(Exercise instructions) From the entries below, copy exactly the lines from the one that contains "LESTI BILLAR amp" through the one that contains "Orange Pumpkin Candle | 7oz", both included, and only those.

(Brief descriptive captions)
[Start of Attachment]
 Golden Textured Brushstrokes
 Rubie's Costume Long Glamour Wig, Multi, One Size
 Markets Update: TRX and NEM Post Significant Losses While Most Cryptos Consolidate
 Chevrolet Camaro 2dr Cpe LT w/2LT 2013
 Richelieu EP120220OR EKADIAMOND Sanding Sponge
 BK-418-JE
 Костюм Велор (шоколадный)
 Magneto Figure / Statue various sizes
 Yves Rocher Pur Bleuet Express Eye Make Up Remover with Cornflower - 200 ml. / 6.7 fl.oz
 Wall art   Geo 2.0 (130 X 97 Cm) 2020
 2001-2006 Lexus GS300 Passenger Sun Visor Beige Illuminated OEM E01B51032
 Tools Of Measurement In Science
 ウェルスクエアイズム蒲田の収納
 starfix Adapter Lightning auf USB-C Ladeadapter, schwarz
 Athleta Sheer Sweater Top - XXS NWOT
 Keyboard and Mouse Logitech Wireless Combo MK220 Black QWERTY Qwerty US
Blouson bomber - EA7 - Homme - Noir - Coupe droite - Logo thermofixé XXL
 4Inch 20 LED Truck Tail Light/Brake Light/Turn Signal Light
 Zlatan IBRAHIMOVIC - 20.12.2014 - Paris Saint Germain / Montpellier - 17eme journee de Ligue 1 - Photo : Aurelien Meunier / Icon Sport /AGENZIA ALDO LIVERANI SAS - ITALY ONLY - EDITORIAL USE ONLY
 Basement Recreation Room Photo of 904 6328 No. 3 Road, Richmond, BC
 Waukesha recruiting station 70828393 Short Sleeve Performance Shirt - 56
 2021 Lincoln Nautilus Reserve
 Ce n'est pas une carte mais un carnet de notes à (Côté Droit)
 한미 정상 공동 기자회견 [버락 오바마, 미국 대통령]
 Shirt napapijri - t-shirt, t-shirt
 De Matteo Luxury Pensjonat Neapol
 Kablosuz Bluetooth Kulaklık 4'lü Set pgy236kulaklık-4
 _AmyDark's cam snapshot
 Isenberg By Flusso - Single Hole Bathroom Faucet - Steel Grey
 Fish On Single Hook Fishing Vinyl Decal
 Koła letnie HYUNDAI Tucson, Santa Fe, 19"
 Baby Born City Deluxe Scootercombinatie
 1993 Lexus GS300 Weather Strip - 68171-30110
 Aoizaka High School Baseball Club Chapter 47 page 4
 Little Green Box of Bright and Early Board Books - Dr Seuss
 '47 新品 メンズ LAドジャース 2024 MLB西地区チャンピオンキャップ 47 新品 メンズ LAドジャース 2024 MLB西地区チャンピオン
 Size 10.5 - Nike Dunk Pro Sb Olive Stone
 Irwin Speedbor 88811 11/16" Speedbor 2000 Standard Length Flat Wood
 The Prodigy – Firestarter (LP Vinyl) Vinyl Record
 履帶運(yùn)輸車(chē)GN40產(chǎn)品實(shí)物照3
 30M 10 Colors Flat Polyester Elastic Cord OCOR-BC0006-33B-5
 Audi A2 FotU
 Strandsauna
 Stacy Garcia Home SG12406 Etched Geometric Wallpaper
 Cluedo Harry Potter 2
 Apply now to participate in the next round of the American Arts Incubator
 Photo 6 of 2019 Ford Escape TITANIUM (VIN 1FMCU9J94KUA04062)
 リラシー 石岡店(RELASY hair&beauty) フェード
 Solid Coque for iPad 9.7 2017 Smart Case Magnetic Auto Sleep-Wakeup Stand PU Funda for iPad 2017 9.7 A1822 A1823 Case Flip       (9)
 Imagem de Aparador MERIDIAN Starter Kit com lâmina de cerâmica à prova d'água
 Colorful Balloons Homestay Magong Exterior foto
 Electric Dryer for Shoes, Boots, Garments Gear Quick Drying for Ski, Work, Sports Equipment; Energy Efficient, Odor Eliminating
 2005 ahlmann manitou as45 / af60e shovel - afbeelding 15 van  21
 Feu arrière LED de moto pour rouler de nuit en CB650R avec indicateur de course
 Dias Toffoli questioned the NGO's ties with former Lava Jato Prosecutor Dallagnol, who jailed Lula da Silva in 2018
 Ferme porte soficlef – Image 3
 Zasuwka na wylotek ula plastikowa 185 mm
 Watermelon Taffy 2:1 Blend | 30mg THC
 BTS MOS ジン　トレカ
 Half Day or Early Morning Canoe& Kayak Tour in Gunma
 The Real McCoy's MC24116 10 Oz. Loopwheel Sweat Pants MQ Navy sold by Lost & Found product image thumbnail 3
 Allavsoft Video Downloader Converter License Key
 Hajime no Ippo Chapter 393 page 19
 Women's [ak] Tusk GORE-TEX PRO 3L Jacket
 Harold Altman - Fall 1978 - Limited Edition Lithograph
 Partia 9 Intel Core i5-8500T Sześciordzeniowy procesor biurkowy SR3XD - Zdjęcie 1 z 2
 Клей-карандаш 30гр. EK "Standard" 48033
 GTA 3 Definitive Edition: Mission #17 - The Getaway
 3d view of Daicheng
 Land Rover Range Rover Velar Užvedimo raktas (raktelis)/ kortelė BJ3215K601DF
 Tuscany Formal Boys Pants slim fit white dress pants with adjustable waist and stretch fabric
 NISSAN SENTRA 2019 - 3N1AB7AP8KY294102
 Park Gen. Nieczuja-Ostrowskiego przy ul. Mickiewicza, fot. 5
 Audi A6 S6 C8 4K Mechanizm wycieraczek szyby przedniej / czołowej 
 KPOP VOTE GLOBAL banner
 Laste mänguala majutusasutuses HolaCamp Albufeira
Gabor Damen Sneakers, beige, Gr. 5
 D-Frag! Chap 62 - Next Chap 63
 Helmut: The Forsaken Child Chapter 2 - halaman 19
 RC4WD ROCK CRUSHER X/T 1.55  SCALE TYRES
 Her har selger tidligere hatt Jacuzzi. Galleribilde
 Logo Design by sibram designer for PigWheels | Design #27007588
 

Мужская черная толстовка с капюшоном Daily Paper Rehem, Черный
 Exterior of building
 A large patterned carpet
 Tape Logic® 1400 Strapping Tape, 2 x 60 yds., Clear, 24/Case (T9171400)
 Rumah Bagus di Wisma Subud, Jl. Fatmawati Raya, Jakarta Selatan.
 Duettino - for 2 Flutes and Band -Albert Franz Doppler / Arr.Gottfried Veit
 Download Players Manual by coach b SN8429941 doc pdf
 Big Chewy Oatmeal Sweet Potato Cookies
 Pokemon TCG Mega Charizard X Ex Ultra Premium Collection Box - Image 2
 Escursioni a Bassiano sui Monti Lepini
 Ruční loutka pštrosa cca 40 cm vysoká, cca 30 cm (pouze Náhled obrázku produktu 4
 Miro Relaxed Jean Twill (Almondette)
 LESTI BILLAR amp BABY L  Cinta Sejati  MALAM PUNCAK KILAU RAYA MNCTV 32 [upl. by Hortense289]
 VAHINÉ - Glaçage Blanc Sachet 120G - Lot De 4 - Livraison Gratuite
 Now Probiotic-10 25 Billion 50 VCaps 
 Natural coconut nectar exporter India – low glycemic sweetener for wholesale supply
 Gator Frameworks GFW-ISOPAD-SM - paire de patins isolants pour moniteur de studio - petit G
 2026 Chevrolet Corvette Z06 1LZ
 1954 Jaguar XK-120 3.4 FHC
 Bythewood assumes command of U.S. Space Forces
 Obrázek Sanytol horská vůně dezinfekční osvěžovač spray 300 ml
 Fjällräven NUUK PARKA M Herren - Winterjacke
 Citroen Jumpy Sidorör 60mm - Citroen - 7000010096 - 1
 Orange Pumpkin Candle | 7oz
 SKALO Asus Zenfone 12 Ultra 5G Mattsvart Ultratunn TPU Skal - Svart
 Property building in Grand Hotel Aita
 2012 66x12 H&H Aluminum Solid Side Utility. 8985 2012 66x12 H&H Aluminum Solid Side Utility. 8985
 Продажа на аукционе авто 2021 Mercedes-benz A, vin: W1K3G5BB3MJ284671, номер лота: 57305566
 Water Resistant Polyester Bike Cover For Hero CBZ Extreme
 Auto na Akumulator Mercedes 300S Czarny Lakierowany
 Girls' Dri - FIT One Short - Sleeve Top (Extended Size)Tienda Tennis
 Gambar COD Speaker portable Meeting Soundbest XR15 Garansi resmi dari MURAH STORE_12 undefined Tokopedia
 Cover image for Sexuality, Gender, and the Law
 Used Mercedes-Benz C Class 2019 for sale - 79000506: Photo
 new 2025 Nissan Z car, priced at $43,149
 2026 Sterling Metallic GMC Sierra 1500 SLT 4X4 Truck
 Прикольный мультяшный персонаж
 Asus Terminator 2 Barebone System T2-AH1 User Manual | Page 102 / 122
[End of Attachment]
(Result)
 LESTI BILLAR amp BABY L  Cinta Sejati  MALAM PUNCAK KILAU RAYA MNCTV 32 [upl. by Hortense289]
 VAHINÉ - Glaçage Blanc Sachet 120G - Lot De 4 - Livraison Gratuite
 Now Probiotic-10 25 Billion 50 VCaps 
 Natural coconut nectar exporter India – low glycemic sweetener for wholesale supply
 Gator Frameworks GFW-ISOPAD-SM - paire de patins isolants pour moniteur de studio - petit G
 2026 Chevrolet Corvette Z06 1LZ
 1954 Jaguar XK-120 3.4 FHC
 Bythewood assumes command of U.S. Space Forces
 Obrázek Sanytol horská vůně dezinfekční osvěžovač spray 300 ml
 Fjällräven NUUK PARKA M Herren - Winterjacke
 Citroen Jumpy Sidorör 60mm - Citroen - 7000010096 - 1
 Orange Pumpkin Candle | 7oz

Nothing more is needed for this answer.